Tahnai Lauren Rivera Annis (born June 20, 1989) is a footballer who plays as an attacking midfielder for Besta deild kvenna club Þór/KA. Born in the United States, she represents the Philippines women's national team, where she serves as captain.

College career
Annis played for the women's soccer team of the University of Florida at NCAA Division I from 2008 to 2011. She scored a total of 38 goals and made 16 assists in 96 matches for the Gators. In 2008, Annis became part of the SEC All-Freshman Team and SoccerBuzz.com Freshman All-America squad and in 2010 was also an All-American and member of the Southeastern Conference's All-Second Team.

Club career
After college, Annis played professionally for Þór/KA of the Úrvalsdeild kvenna, the top flight women's league in Iceland, from 2012 to 2014 starting in 62 matches and scoring 19 goals for the club. She helped the club win the league title in 2012 and earned the club's 2013 MVP award. She has played at the UEFA Women's Champions League with the Icelandic club.

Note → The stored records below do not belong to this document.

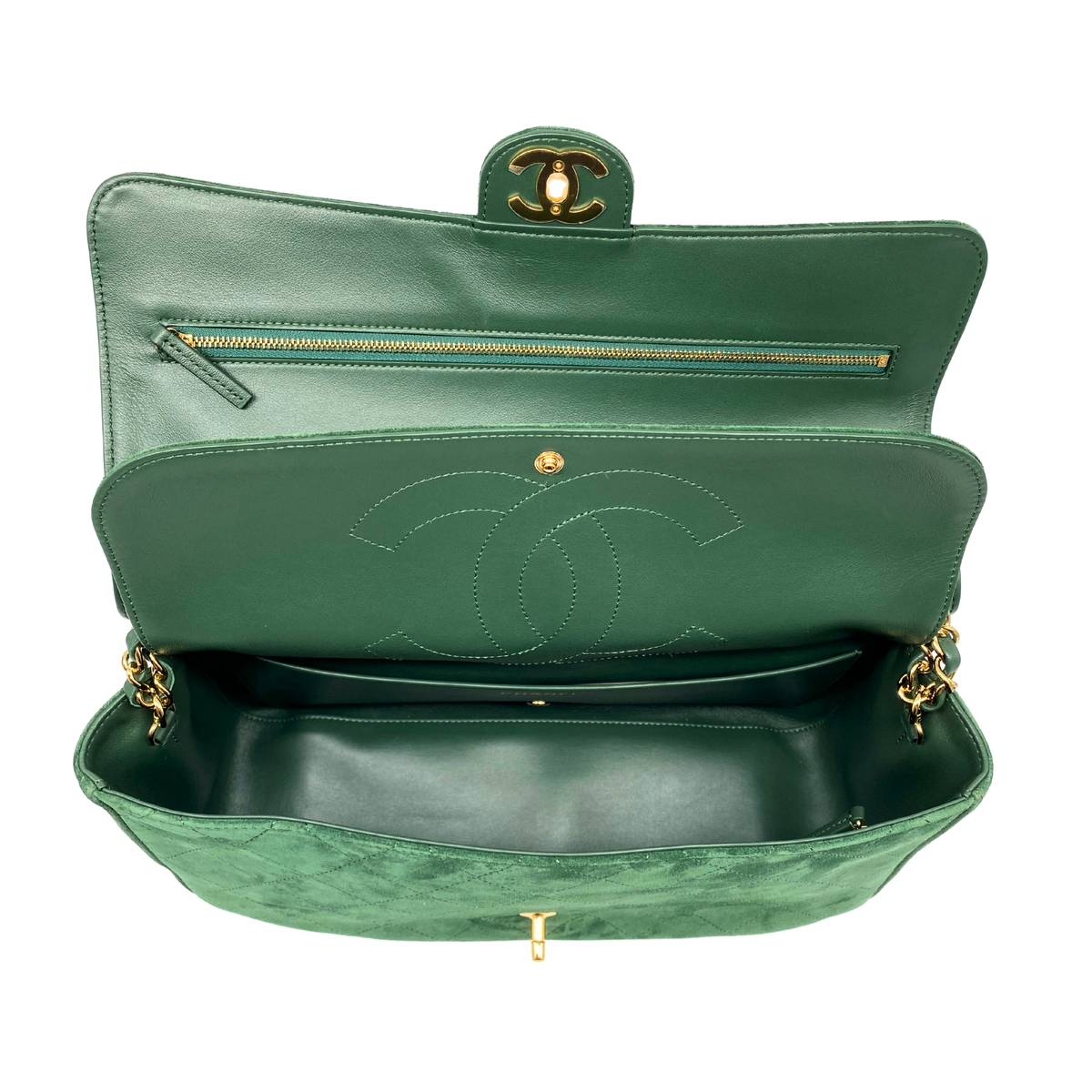 Chanel Green Souplissimo 32 Suede Gold Hardware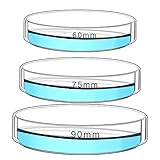 【Opciones de tamaño】 60 mm 75 mm 90 mm 100 mm 120 mm opcional. Satisfaga sus múltiples necesidades y use. Cada pieza incluye 10 placas de Petri del mismo tamaño.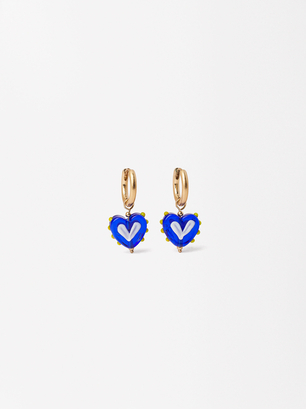 Hoop Earrings With Hearts, Blue, hi-res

Annis would leave the club in 2014 but would return in 2023.

International career

Tahnai Annis is eligible to play for the Philippines women's national football team through her mother Myla, who traces her roots to Lucena. She joined the national team in January 2018 in a training camp in the United States and eventually named as part of the final roster of the Philippines for the 2018 AFC Women's Asian Cup in Jordan and was designated as captain. Patrice Impelido also serves as co-captain for the national team for the continental tournament.

In the Philippines' first group stage match against host Jordan which ended in a 2–1 win, Annis had her first international cap. Annis scored her first goal for the Philippines in their 2–1 win against Nepal in the 2022 AFC Women's Asian Cup qualifiers held in September 2021.

Annis also led the Philippine squad that won its first ever ASEAN Football Federation tournament title as its captain – the 2022 AFF Women's Championship.

Coaching career
The women's soccer team of Averett University had Annis as their assistant coach.

Personal life
A native of Zanesville, Ohio, Annis graduated from the University of Florida in 2012 where she obtained a minor in business administration and a bachelor's degree in sport management. She entered Averett University to pursue a master's degree in business administration which has a focus in marketing.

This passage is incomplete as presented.